Yes, this, a thousand times this. The Internet does not need more of this garbage vomited up into it.
 
Chuck, No crud, I was pointing out that CF and Gotec are not alike,. OP suggested and both are solutions for long term storage on vintage computers. I was suggesting that the two differ greatly for laptop usage.
 
Sort of on topic. Is there a program you can use on systems with ide auto detect thst will display the detected ide hdd parameters ? So you can use them on systems with manual input?
 
The point of this thing appears to be for emulating an IDE CD-ROM drive, not a disk drive?
That actually doesn't sound so bad if you really like physical media. Imagine having a whole box of SD cards each with your specific CD images loaded on them. The only real problem is its Micro SD so they are a bit tough to label.

That said I'm sure it'll do HD emulation eventually, is kinda pointless otherwise.
 
That said I'm sure it'll do HD emulation eventually, is kinda pointless otherwise.

No? There are lots of native flash solutions to emulate hard disks. (CF, SD->IDE, PATA->SATA/M.2/MSATA bridges.) Emulating a *CD-ROM* is a very specific niche that's not covered. (IE, in theory at least you could have a dingus like this able to take a dump of CD that has both data and Redbook audio tracks on it. You can't do that on a flash drive. In fact, to really make the case for this thing they should add analog audio headers to it.)
 
CF's are much faster than early 2.5" hard drives with little to no memory cache.

Some very old CFs and SD cards can semi-randomly encounter some significant latency on writes, which under the very, very worst cases could make these cards perform worse than a spinning hard disk, but that's an edge case you're just not at all likely to run into.
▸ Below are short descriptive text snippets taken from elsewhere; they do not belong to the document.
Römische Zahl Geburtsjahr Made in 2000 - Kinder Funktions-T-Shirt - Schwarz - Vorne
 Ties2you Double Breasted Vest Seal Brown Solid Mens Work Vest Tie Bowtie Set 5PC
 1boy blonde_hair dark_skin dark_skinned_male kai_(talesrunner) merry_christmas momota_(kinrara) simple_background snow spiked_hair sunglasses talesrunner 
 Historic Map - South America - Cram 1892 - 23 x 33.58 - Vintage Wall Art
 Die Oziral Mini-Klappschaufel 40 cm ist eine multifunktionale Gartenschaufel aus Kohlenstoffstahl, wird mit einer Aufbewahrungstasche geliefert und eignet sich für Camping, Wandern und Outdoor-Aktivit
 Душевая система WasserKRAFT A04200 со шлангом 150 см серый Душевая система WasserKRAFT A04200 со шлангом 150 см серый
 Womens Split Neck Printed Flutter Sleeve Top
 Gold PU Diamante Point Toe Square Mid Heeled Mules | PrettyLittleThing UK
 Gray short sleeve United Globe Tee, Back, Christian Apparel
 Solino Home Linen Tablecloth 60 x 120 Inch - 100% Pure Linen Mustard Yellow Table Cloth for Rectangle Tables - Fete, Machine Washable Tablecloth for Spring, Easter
What really makes me laugh is when people worry about the performance of, say, SD->IDE adapters when the host computer is an XT-IDE. I've benchmarked it, the SD adapter in my 8-bit XT-CF card in a Tandy 1000 benchmarks effectively the same as a RAM disk. :rolleyes:
 
That actually doesn't sound so bad if you really like physical media. Imagine having a whole box of SD cards each with your specific CD images loaded on them. The only real problem is its Micro SD so they are a bit tough to label.

That said I'm sure it'll do HD emulation eventually, is kinda pointless otherwise.
The idea is that you would dump all your ISOs onto a single SD card, then you never have to swap in CDs. It's a bit pointless to have individual SD cards for each CD. Might as well just keep using CDs then.
 
The idea is that you would dump all your ISOs onto a single SD card, then you never have to swap in CDs. It's a bit pointless to have individual SD cards for each CD. Might as well just keep using CDs then.
Well except CDs wear out. But yes, having a single SD card hold large numbers of CD ISOs actually sounds cool. Either way its neat.